Through Gates of Splendor
- First edition
- Author: Elisabeth Elliot
- Language: English
- Genre: missionary life
- Publisher: Harper & Brothers (1st edition) Tyndale House (subsequent editions)
- Publication date: 01.01.1957 (1st ed.) 1975 (2nd ed.) June 3, 1981 (25th anniv. ed.) 1996 (40th anniv. ed.) August 5, 2005 (50th anniv. ed.)
- Publication place: United States
- Pages: 208 (1st ed) 274 (25th anniversary ed.) 303
- ISBN: 0-8423-7152-4
- OCLC: 20746425

= Through Gates of Splendor =

1957 book by Elisabeth Elliot

Through Gates of Splendor is a 1957 best selling book written by Elisabeth Elliot. The book tells the story of Operation Auca, an attempt by five American missionaries – Jim Elliot (the author's husband), Pete Flemming, Ed McCully, Nate Saint, and Roger Youderian – to reach the Waorani (variously spelled Waodani or Huaorani, known at the time as Auca) tribe of eastern Ecuador. All five of the men were killed by the tribe. The book is Elliot's first book, and arguably her most well-known work.

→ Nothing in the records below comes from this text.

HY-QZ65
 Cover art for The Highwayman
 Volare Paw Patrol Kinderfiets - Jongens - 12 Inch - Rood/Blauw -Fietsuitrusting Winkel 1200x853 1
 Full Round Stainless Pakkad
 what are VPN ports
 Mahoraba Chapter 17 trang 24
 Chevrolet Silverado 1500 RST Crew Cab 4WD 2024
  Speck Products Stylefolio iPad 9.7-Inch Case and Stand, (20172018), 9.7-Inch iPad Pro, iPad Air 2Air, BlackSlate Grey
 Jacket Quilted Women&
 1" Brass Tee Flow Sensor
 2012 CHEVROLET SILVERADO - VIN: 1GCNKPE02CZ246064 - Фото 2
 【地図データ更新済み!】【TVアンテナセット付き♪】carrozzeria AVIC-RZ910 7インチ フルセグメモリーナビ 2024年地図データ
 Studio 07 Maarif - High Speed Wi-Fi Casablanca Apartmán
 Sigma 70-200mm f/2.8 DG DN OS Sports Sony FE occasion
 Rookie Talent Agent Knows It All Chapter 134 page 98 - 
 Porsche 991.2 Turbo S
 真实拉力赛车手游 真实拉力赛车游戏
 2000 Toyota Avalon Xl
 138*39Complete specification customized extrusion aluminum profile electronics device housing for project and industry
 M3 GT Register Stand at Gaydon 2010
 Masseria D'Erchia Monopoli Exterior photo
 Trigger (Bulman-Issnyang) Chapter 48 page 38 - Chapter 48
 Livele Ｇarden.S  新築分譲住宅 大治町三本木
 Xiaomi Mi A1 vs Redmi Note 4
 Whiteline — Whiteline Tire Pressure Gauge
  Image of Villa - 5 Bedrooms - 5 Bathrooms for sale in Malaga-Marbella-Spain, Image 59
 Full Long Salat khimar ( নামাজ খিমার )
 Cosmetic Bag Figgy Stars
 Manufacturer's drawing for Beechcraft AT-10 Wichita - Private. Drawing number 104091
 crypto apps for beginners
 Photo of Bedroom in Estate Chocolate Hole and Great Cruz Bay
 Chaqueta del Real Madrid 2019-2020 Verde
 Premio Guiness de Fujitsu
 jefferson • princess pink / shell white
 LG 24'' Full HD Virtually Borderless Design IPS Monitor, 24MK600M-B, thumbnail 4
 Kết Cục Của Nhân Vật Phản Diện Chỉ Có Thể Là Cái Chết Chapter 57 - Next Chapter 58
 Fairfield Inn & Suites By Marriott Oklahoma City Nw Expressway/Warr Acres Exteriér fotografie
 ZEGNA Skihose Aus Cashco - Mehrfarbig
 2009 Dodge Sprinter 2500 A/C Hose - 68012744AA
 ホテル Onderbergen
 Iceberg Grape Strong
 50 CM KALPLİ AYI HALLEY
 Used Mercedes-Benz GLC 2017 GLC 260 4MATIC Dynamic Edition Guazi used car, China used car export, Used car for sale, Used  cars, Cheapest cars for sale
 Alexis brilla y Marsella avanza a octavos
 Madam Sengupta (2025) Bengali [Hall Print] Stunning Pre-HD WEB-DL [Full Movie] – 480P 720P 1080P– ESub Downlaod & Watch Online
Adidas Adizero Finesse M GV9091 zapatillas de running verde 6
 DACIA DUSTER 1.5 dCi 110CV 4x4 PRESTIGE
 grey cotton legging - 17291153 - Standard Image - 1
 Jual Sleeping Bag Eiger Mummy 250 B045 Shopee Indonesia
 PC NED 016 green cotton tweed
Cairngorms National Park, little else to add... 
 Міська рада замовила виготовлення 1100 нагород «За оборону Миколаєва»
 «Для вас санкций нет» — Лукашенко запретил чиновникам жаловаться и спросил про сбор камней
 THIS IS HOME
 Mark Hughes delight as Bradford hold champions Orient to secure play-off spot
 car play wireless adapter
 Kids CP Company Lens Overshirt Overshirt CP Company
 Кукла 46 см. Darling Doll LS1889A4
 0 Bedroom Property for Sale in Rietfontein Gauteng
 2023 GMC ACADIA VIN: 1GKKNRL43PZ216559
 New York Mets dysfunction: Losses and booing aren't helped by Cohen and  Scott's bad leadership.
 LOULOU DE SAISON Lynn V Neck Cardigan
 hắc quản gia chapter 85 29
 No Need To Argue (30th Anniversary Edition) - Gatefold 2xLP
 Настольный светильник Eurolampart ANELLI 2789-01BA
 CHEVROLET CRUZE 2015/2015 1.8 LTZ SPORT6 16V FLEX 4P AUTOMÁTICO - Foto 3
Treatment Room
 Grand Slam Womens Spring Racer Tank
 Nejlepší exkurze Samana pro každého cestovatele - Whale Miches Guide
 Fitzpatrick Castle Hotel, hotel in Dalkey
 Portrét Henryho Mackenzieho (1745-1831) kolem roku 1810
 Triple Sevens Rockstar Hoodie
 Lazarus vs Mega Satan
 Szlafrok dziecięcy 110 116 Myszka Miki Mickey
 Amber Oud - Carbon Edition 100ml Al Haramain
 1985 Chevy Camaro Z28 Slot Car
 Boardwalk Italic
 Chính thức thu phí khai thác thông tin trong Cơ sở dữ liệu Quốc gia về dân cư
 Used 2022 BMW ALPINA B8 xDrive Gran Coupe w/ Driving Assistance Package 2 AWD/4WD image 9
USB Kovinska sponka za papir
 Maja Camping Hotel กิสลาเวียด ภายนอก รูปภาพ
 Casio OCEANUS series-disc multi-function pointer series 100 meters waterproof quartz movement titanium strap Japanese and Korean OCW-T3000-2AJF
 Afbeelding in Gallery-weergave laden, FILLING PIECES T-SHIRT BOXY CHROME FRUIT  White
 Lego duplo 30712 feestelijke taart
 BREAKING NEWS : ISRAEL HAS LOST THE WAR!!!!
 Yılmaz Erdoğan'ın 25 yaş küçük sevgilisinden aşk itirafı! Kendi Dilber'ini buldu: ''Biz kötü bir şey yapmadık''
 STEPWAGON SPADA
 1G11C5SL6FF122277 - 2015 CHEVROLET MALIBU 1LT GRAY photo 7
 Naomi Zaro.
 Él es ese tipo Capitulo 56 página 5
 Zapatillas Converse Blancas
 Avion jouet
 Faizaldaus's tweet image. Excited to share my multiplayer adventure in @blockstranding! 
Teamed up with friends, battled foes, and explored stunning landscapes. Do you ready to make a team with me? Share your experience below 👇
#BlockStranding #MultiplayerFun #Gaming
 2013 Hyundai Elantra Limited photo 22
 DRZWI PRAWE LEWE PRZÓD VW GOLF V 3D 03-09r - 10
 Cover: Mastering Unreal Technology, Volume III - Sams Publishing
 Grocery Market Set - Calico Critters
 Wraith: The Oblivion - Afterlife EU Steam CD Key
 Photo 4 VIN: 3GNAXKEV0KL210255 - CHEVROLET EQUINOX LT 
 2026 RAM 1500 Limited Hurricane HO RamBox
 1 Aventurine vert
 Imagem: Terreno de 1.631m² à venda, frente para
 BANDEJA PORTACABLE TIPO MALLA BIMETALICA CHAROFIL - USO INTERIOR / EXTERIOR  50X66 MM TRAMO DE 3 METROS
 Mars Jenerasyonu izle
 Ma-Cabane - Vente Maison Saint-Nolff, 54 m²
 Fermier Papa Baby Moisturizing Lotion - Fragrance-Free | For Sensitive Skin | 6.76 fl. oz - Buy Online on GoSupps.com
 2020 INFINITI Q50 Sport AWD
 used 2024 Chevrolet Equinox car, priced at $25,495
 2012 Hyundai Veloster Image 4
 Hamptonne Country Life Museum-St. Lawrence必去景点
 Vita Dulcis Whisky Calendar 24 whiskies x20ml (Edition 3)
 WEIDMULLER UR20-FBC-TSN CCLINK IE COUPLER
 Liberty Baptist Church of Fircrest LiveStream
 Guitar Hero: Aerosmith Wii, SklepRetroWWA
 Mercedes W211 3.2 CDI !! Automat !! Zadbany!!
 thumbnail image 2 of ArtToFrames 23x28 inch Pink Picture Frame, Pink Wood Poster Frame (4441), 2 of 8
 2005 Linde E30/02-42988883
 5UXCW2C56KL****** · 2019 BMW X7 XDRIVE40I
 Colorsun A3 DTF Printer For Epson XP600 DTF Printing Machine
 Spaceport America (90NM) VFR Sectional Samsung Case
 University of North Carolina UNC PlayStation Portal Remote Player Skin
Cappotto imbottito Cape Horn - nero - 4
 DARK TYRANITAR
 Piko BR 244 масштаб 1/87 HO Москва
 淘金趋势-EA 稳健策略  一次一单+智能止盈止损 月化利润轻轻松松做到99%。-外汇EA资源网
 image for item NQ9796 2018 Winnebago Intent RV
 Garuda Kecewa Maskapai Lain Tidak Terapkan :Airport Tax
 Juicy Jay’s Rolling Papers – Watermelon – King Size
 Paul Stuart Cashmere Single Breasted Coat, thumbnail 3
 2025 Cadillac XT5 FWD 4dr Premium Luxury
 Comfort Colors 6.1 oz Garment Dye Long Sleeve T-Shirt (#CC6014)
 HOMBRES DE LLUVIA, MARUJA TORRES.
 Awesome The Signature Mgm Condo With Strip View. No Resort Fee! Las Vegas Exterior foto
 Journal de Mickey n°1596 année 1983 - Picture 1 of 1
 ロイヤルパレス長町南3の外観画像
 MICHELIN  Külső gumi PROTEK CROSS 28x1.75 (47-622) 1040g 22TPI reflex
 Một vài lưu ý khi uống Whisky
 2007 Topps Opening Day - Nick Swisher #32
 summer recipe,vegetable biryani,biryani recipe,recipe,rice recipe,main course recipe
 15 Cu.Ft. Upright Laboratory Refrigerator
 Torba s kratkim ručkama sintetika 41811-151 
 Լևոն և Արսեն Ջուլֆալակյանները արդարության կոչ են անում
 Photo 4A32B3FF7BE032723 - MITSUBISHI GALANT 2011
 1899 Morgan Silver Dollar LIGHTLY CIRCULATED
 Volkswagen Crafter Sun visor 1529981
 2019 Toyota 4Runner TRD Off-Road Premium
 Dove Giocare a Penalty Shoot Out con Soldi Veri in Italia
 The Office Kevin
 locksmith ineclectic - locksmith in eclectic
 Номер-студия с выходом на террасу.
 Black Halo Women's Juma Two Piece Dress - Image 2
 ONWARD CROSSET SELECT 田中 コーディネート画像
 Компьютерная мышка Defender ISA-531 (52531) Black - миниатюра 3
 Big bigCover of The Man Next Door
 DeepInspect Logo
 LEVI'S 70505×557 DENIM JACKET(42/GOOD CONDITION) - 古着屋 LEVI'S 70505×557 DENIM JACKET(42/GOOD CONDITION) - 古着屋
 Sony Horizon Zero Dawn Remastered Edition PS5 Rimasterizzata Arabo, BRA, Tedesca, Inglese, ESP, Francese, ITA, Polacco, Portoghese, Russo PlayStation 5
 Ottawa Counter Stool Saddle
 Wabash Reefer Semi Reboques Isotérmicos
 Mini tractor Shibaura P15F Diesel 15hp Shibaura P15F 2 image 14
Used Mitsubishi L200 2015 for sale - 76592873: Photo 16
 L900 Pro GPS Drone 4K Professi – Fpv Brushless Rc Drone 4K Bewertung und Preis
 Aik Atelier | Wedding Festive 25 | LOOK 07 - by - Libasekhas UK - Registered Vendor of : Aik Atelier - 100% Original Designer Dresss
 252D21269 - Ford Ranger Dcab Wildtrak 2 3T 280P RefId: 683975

The title of the book is derived from the fourth stanza of the hymn "We Rest on Thee". This hymn was famously sung by the missionaries before the men left for Waorani territory in September 1955. The lines read:

We rest on Thee, our Shield, and our Defender.
Thine is the battle, Thine shall be the praise;
When passing through the gates of pearly splendor,
Victors, we rest with Thee, through endless days.

Elliot wrote the book while still a missionary in Ecuador. She wrote the book at the request and with cooperation from the families of the five men. She was given copies of letters, and other writings which were extensively quoted from in the book. The original edition of the book was published in 1957, one year before the first peaceful contact with the Waorani was made. In subsequent publications of the book, epilogues have been added to tell about what has happened to the Waorani tribe since Operation Auca, and what has happened to the missionaries' families.

==Films==

Through Gates of Splendor DVD

In 1967, a documentary film of the same name was produced which included much of the film footage shot by Nate Saint at "Palm Beach". Elisabeth Elliot narrated the film. It was based on Through Gates of Splendor as well as her later book, The Savage My Kinsman.

In 2005 a docudrama was produced, End of the Spear. The film recounts the story of Through Gates of Splendor, but from the perspective of Steve Saint (the son of Nate Saint, one of the missionaries killed in the encounter) as well as from Mincavani, one of the tribesmen who took part in the attack. The two eventually form a bond that continues to this day.